Well it’s time to do a Bollywood movie anyway, and
considering the other half of this blog has been dedicated to horror movies I
might as well do a Bollywood Horror movie, because such a thing does exist. So
we get Darr @ the Mall, an inept ‘horror’ movie that doesn’t know or care about what it’s
doing but instead copies ideas and imagery from dozens of other movies and
shoves them on screen. What joy.
The Amity Mall, the largest shopping mall in India, has just
finished construction and is due to celebrate its inauguration. Despite not yet
opening, it has a horrible reputation due to a series of mysteriously
‘accidental’ deaths of staff and construction workers, causing the locals and
media to consider the place haunted. Vishnu is hired as the mall’s new security chief after the
death of the previous one. The mall’s owners, Mr. Manchanda and Mr. Khan, are
holding a party on the eve of the inauguration to celebrate with their adult
children, including Manchanda’s daughter Ahana, various investors and
associates. As the party goes on and Ahana and her friends explore the empty
mall, Vishnu investigates mysterious apparitions and discovers a vengeful
spirit is haunting the mall, killing those it crosses paths with. It traps
Vishnu, Manchanda, Khan and their family members in the mall and hunts them
down, as the group attempts to escape.
So it’s a pretty standard, familiar shell of a plot all
things considered.

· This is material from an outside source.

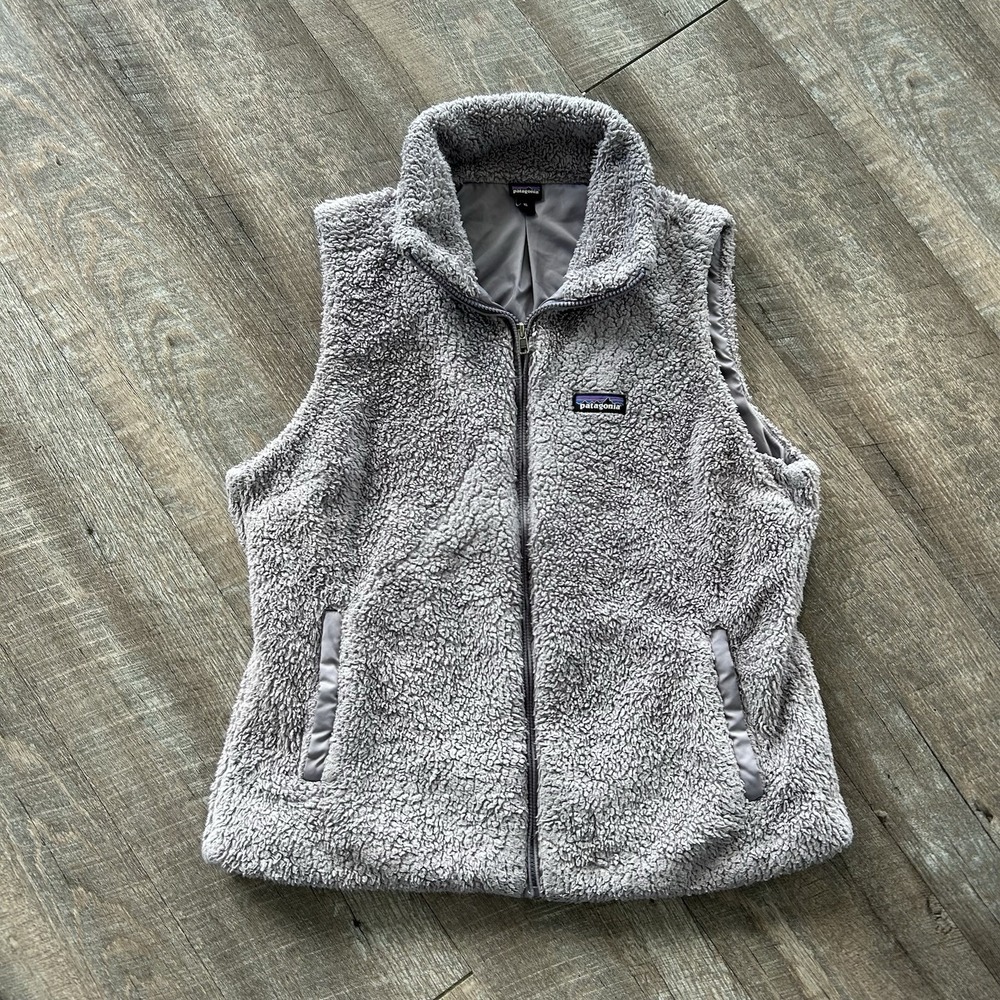 Patagonia Women's Los Gatos Fleece Vest Rustic Gray Purple Sherpa Size XL
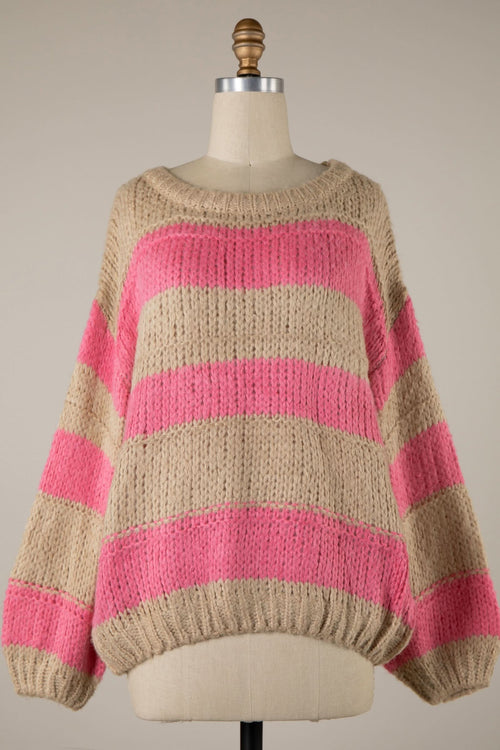Poppy Beige and Pink Striped Oversized Sweater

It’s actually the plot of a few horror movies shoved
together really – ‘trapped in a shopping mall’ is the premise of a lot, like
Dawn of the Dead of Chopping Mall, but even the far more specific ‘ghost haunts
shopping mall before it opens’ is stolen wholesale from the Japanese
horror-thriller ‘Into the Mirror’, as well as it’s crappy American remake
‘Mirrors’ (which starred Kiefer Sutherland as an alcoholic ex-cop who just
wants his kids). The movie even cribs a few visuals from it. Unoriginality of
the premise aside, this set-up is actually pretty decent for a little horror
movie, provided it has a few things: a good pace, entertaining characters,
creepy atmosphere and great kills. Darr doesn’t have any of these things.
Darr has a horribly languid pace, prone to meandering
detours into nothingness as it lazes around for most of its (unnecessarily long)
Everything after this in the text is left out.